Waking to the pouring rain, I wasn’t looking forward to the day – as a narrow dangerous road with tall grass on either side just got a whole lot more dangerous. Eish!! And I hate packing up in the rain.
So I delayed moving as long as I could, but eventually decided I just had to go and donned the rain jacket and got up – getting going as quickly as possible. While not particularly heavy rain (compared to the Magersfontein or Klipdam days), it was plentiful and just didn’t end.
The only breaks I usually take in the rain is to refill my bottles and maybe grab some food out of Tootsie (things like bread that don’t go too nicely in ones pocket), and today was no exception. By the time the rain had stopped I had done over 25 km with hardly a break and was feeling it. Fortunately I could see Derby, which I wanted to push through for the evening…
A 4×4 with four guys pulled up and we covered the usual topics of discussion, and then a queue formed… with another three cars standing in line. As the 4×4 pulled off, the next car moved forward and it started all over… and then the last car was my lucky car. Mother with three kids asked where I was staying and I said “somewhere on the other side of town”. Well, she picked up her phone and phoned a friend… and next thing I knew I was heading for a farm 6km other side of town – BONUS!
I arrived at the farm and waited outside as there is no intercom and the electric fence is 2.5 m high. A farm worked saw me and organised that I get in, and I was made to feel at home right away. While I showered the guys went hunting warthog, a major pest on the farm.
Stoffel arrived back before Johan, who has apparently started shooting kudu.

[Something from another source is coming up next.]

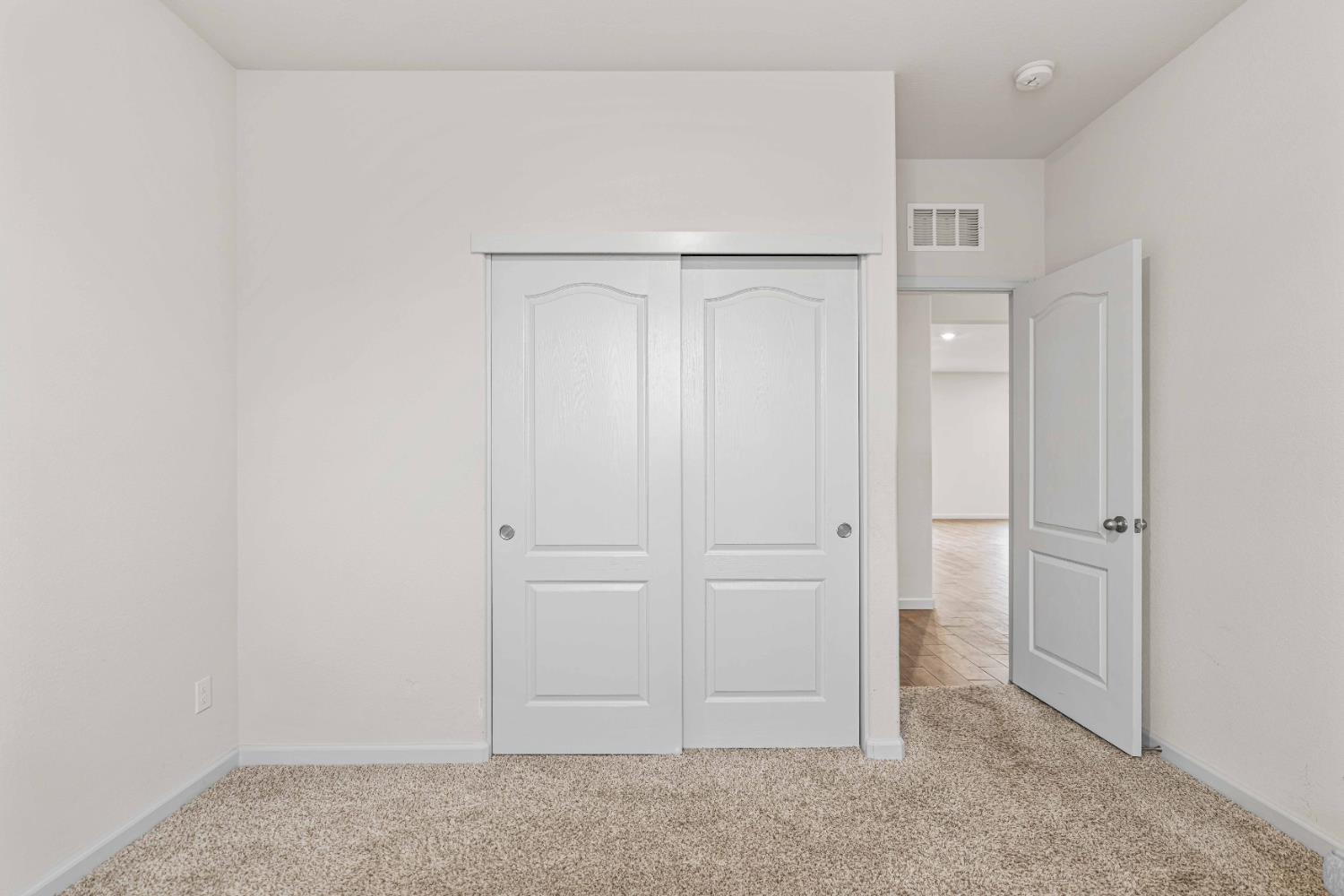 3095 Tower Street Manteca, CA 95337 - Photo 13 of 40 an empty room with closet area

A little while later Johan arrived, covered in blood – having run up into the mountains to catch the smaller of the two that had somehow managed to keep going.
After quite some time, he got the two kudu down to the sheds and started cutting out intestines, etc of the larger one… the smaller one they’d had to gut in the field because it was so far from the vehicle was (it was the only way they could carry it).
I went to bed one tired but dry guy.